英書であるというだけではなく、ジグソーパズルのように様々な証言、証拠が複雑に入り組んでいるので、理解するのが大変なことこのうえない。しかし同時にエキサイティングなことこのうえない本でもあった。簡単に説明すると、フランクリン隊の消息を説明するこれまで学説は、彼らの記録が書かれたたった一枚の紙切れに引きずられ、それに矛盾するという理由でイヌイットたちの目撃証言は無視されてきた。しかしウッドマンはイヌイットの証言をつなぎ合わせれば、それまでお互いに一致しなかった物的証拠もつながることを証明し、フランクリン隊の行方を示す新たなストーリーを作りあげた。生き残った最後の数人がどこを目指したのか。最後のシーンは感動的ですらあった。

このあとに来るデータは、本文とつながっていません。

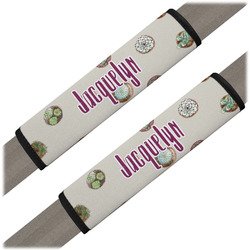 Cactus Seat Belt Covers (Set of 2) (Personalized)
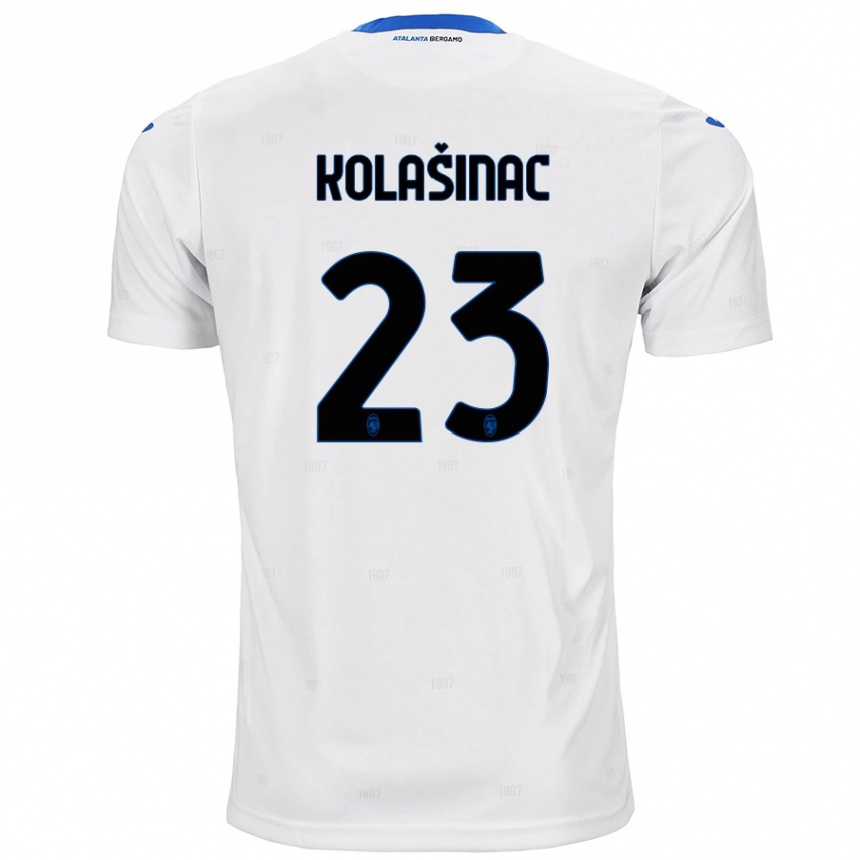 Kids Football Sead Kolasinac #23 White Away Jersey 2024/25 T-Shirt Australia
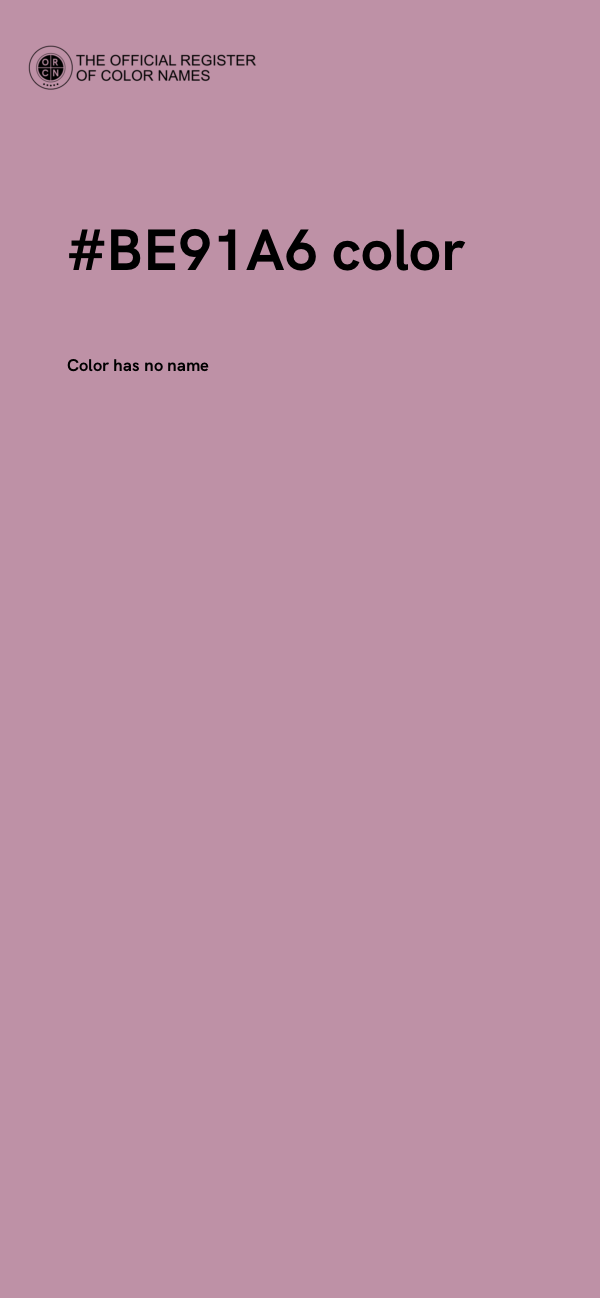 #BE91A6 color image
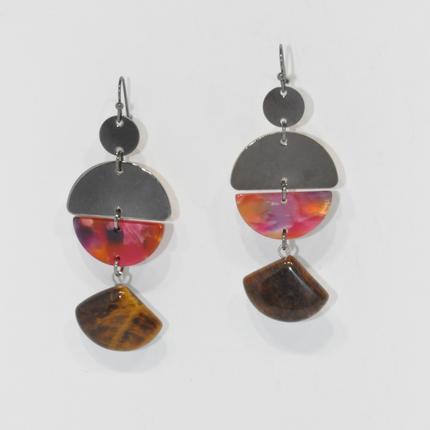 Lucite And Metal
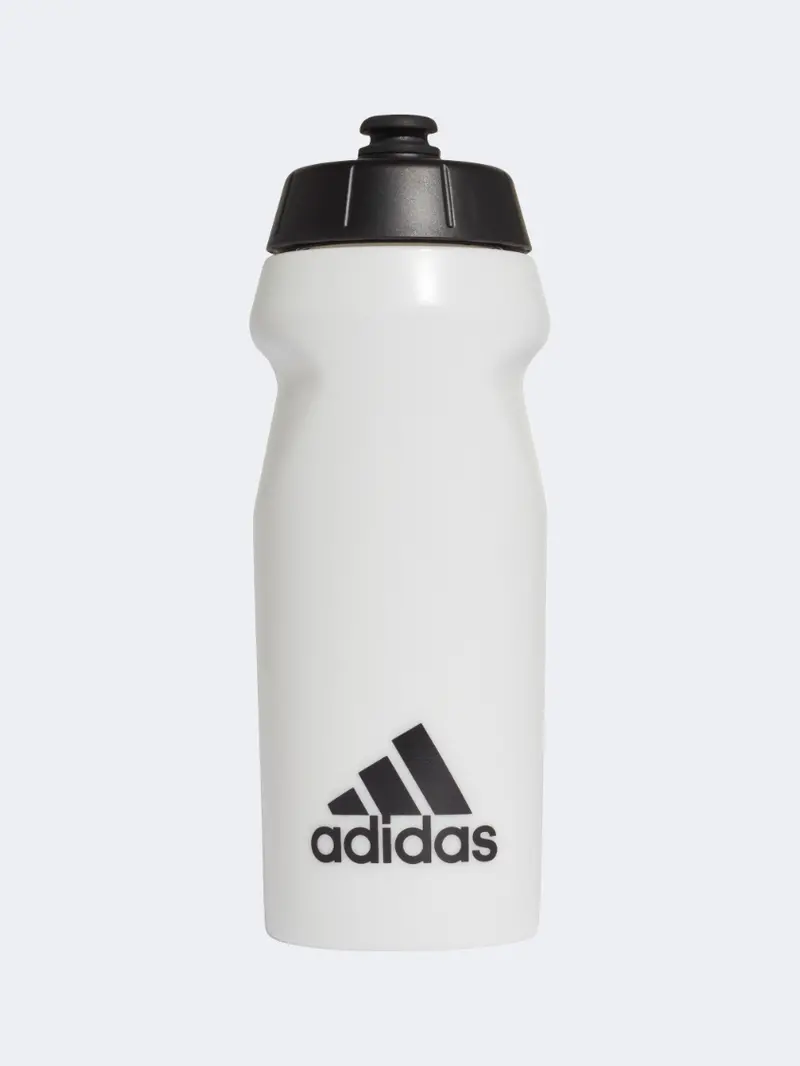 Adidas 0.5L Unisex Training Water Bottle – Minimalist White/Black 1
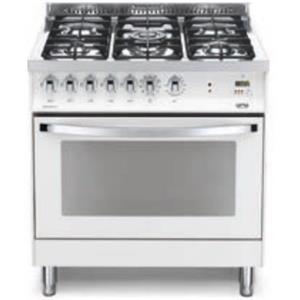 Lofra PBPG86MFT/C Cucina Gas 5 Fornelli con Forno Elettrico 94L Bianco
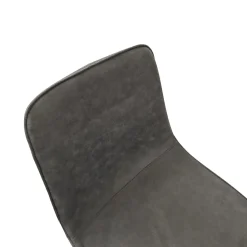 Set di Sedie Grigio Scuro oro 8 Sedie Effetto Velluto, Imbottito - Cabiate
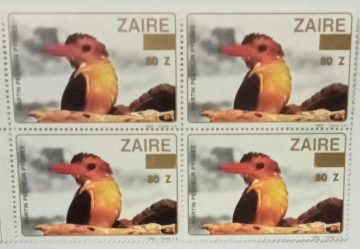 Zaire Martin Pecheur Pygmee - Block of 4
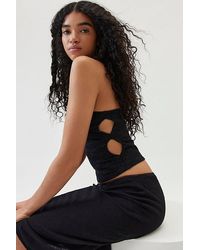 Urban Renewal - Remnants Ruched Cutout Tube Top - Lyst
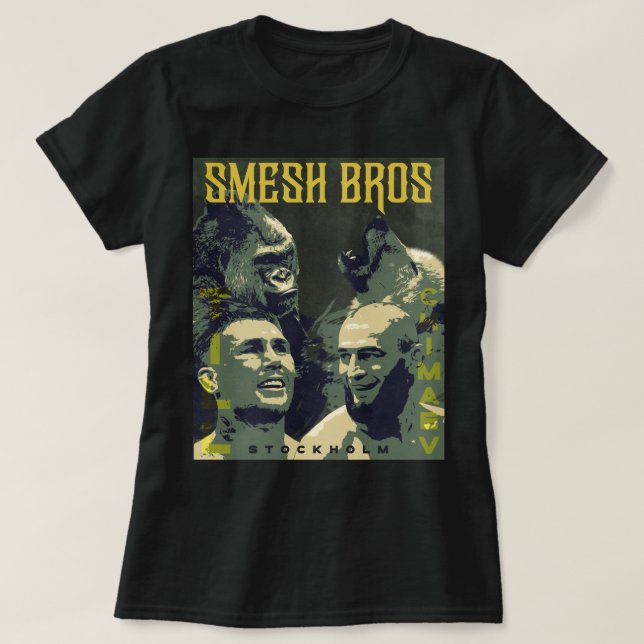 Darren Till, Khamzat Chimaev, Smesh Bros, Geschenk T-Shirt (Design vorne)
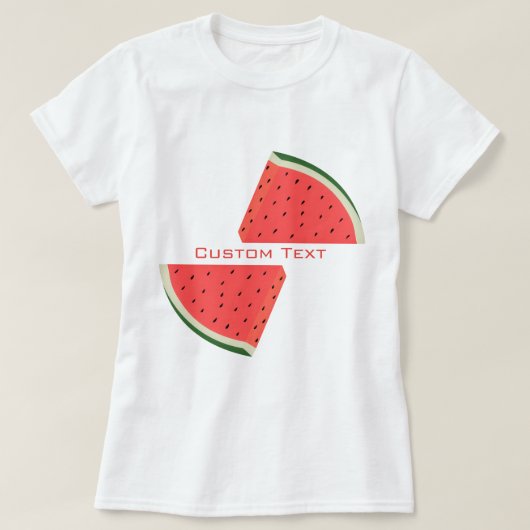 Sweet Watermelon T-Shirt met aangepaste tekst (Design voorkant)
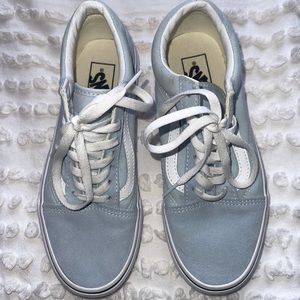 Old Skool Baby Blue Vans
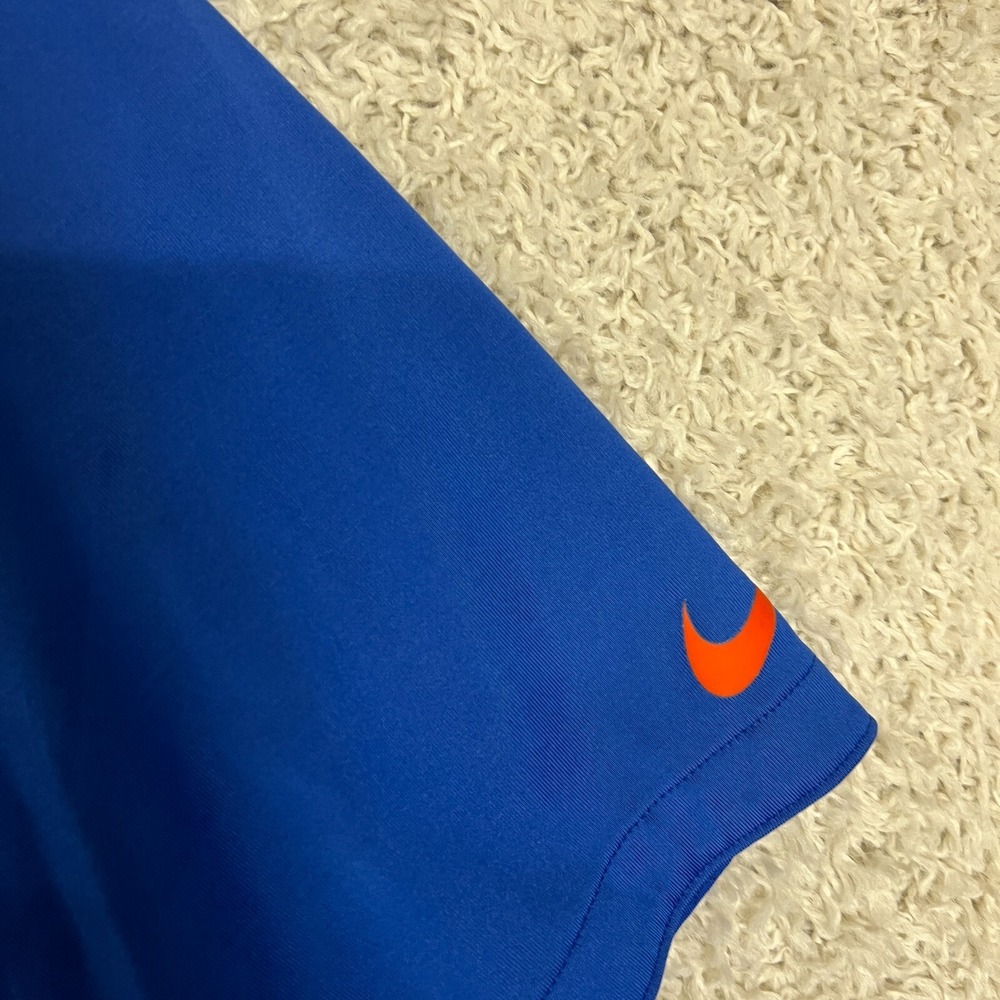 University of Florida Gators Polo Shirt Mens XL Blue Nike Preppy Logo Game Day - Picture 3 of 9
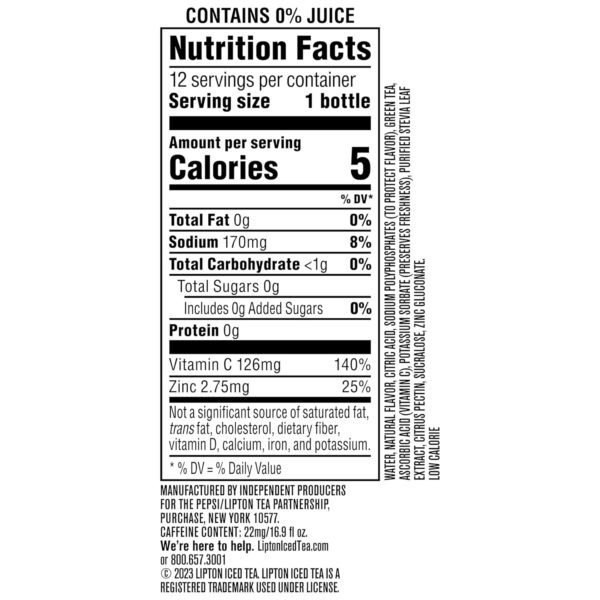 81v38BeTldL._SL1500_.jpg Lipton Immune Support Diet Pineapple Mango, 16.9 Fl Oz Bottles (Pack of 12)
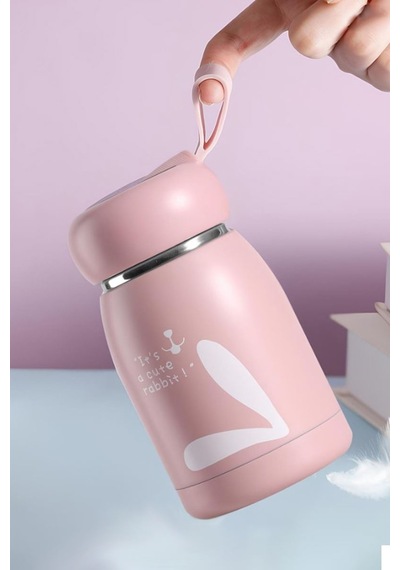 Pembe 304 Çelik 320 Ml Bebek Mama Saklama Termosu Mug Cin493pm Pembe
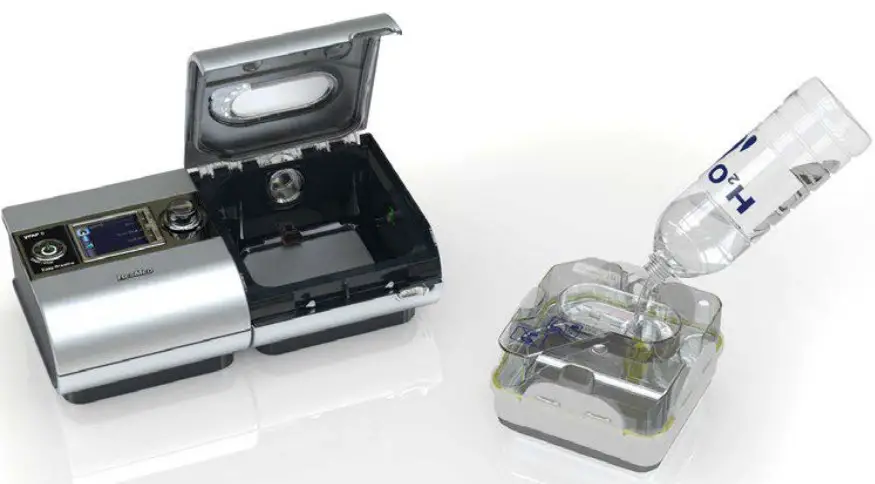 Filling the water tub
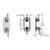 Vissoni V7096GA-TM 1/2 Thermostatic Trim w/2-way Diverter (shared) - Uses TH9212 valve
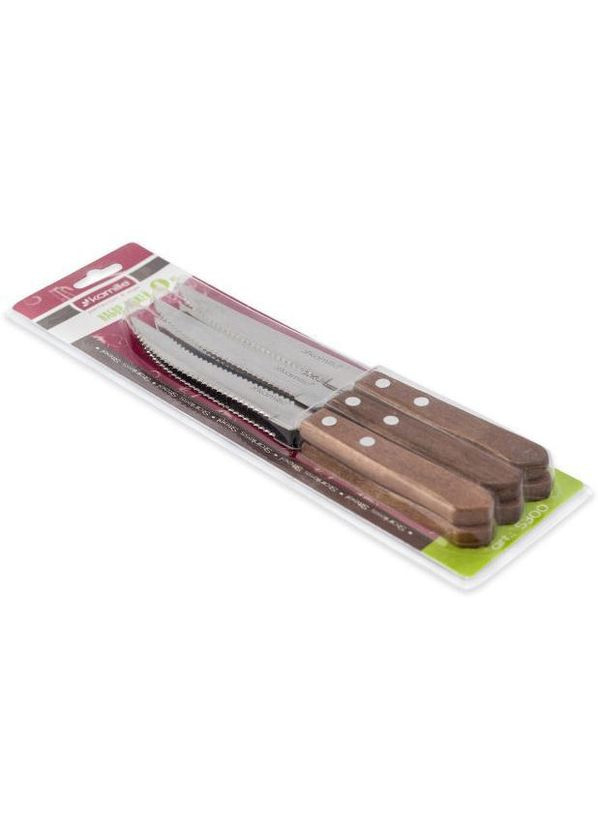 Набір 6 столових стейкових ножів Natural Treasure з дерев'яними ручками Kamille (306634134)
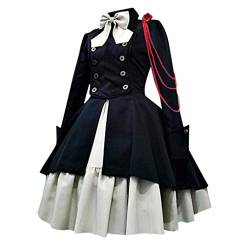 Beokeuioe Elegant Renaissance Maxikleid Damen Gothic Festkleid Halloween Plisseekleid Vintage Mittelalterlichen Ballkleid Barockes Rüschen Abendkleid Viktorianisches Cosplay Kleid von Beokeuioe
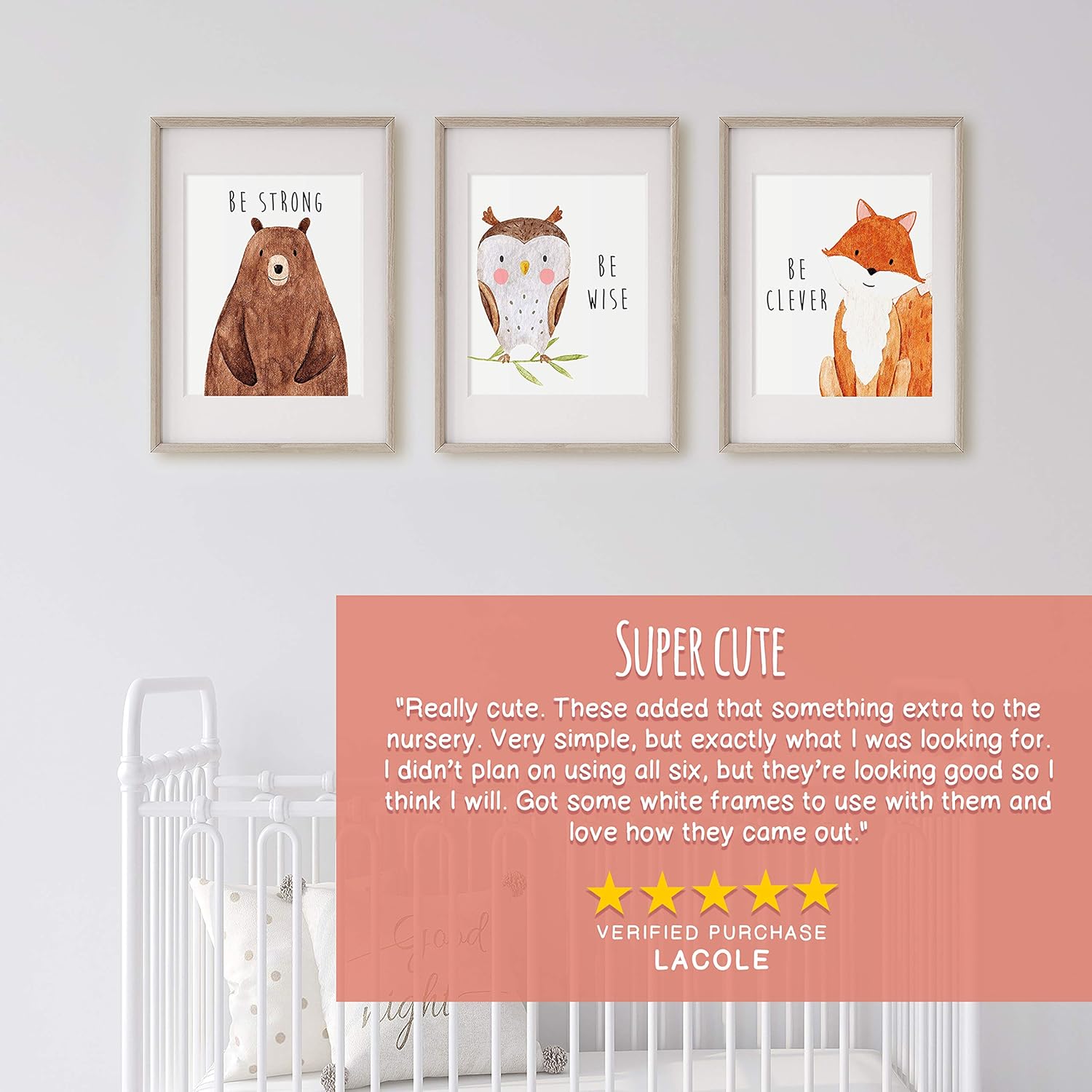 Woodland Nursery Decor, Nursery Wall Art, Woodland Decor, Baby Wall Decor, Nursery Wall Decor, Woodland Nursery Decor for Boys, Baby Animal Pictures for Nursery, Set of 6 – 8x10": Baby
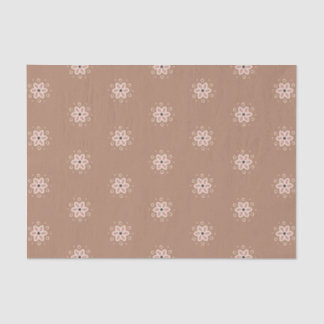 Pretty dusty rose daisies tissue paper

それにしても毎日のようにアマゾンから資料が届くので恐ろしい。
フランクリン「北極海沿岸への旅」
ギルダー「シュワトゥカ・リサーチ」
シュワトゥカ「フランクリンを探して」
ラスムッセン「北極アメリカ横断」
マクリントック「フォックス号の航海」
バック「北極圏内陸探検記」
といった未読の英書が現在、目の前に山積みされていて、おまけにその倍以上の本がこれから届く。好きでやっていることなので、しょうがないが、さすがにうんざりする。